The movie Sleepless 'til Seattle is now officially in post production.
It has been a long time coming but various things had to be set in place before the work could begin. This included upgrading the existing edit suite to handle the large high-definition files and creating a back up system to ensure the project would never be lost. I learned that lesson the hard way!
There is roughly 140 hours of footage to watch, which may just take a while. I have to get this edited down to just 100 minutes! It's going to be fun revisiting the journey though. But this is only part of the post production stage.
There's a particular sound I want for the film in the way of music, and I have a wish list of tracks. Six weeks ago I started talking to the likes of Sony Entertainment Inc, Oh Boy records in Nashville, and so on, with a view to gaining the licences to use certain tracks in the film. At first the monies being quoted were reasonable, but the process quickly turned into a minefield. There are three licenses I need to use music in my film: a licence from the owners of the recording; a synchronisation licence to cut images to the music; and a publishers licence, the owners of the original composition. This last one can cost anything from $1 to millions. And it's not that clear cut.

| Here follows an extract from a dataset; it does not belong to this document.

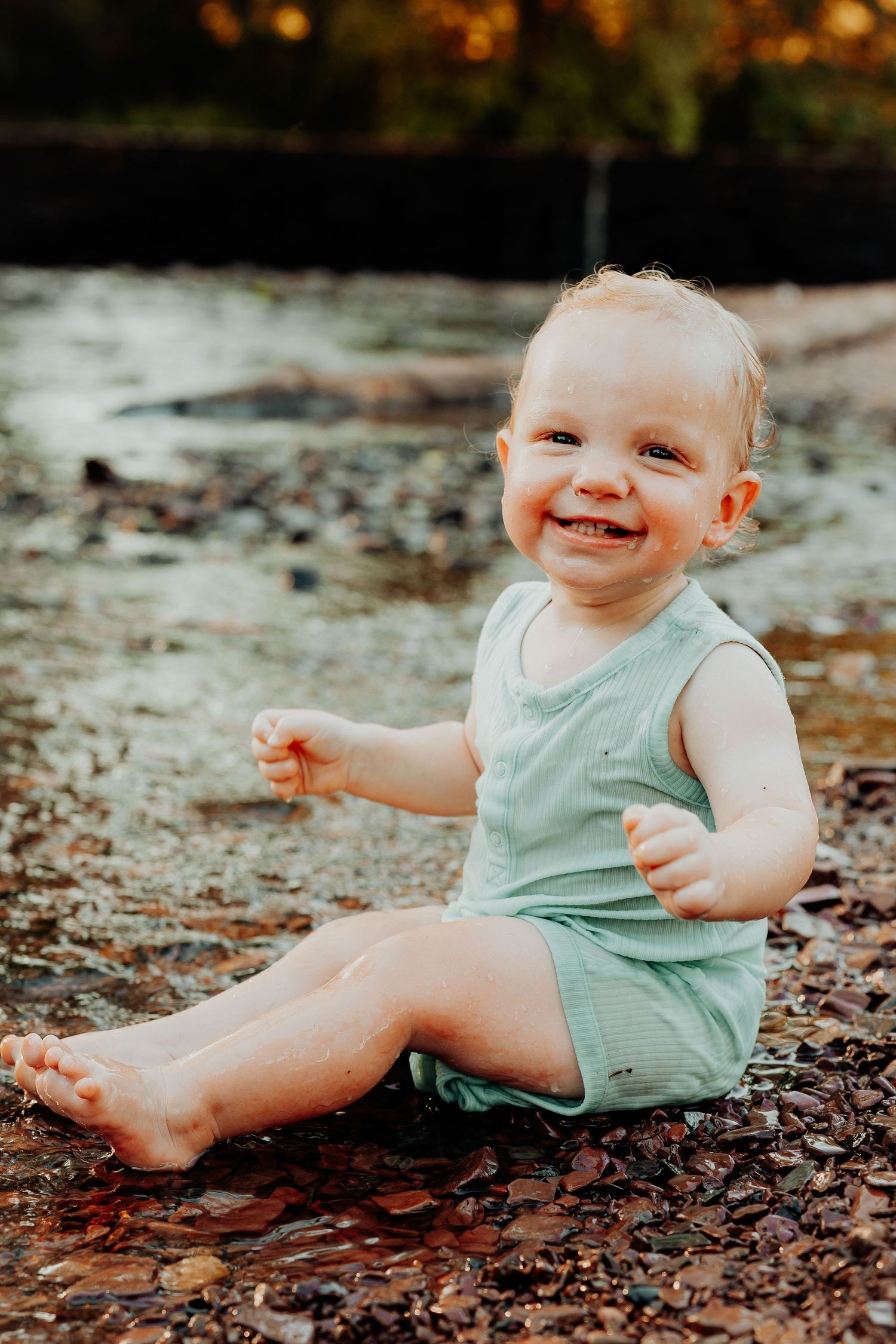 Baby wearing mint green romper sits playfully on ground covered in autumn leaves.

Six weeks on and I've had enough. No amount of pitching the passion and importance of the film moved things on. It was becoming apparent that it was all about money. So a decision has been made: I'm going to commission music specially for the film.

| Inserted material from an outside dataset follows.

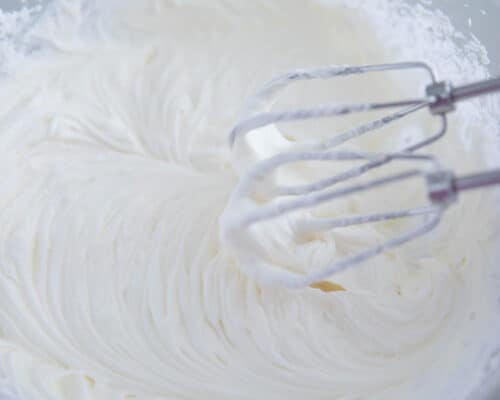 mixing cream cheese in bowl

It will be a fraction of the cost and I'll own all rights with no limit to it's use. I just have the small matter of raising the funds! I'll most likely create a Crowdfunding project for this, which I'll blog about later.

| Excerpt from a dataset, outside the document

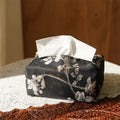 New Chinese style white brocade tissue box cover with embroidered plum blossoms on a table.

My next challenge is to commission animation. This will be in the form of showing the route with a fly-through over a 3-D landscape. It may be I have to use Google Earth for this but it's my hope to have something more bespoke.
Time will pass quickly, so I'll also have to fit in the research for festivals and the requirements for submitting. And there's a cost in that too!
Recently a TV company, out of Minneapolis, aired an 8 minute programme on Life To The Max. You can catch that here: Sleepless TV slot. Most of the footage used is mine, which is great in terms of ongoing publicity, another vitally important aspect.
I also have to cut a minimum 25 minute rough cut by mid January in order to submit a funding application to Sundance, and shortly after that there will be a short trailer online. To keep up to date with everything, or even register your interest in the movie, keep checking out the website at SleeplessTilSeattle.com
Oh, and there's the small matter of the day job!
Maybe I should just forget about ever going to bed for the next 9 months?!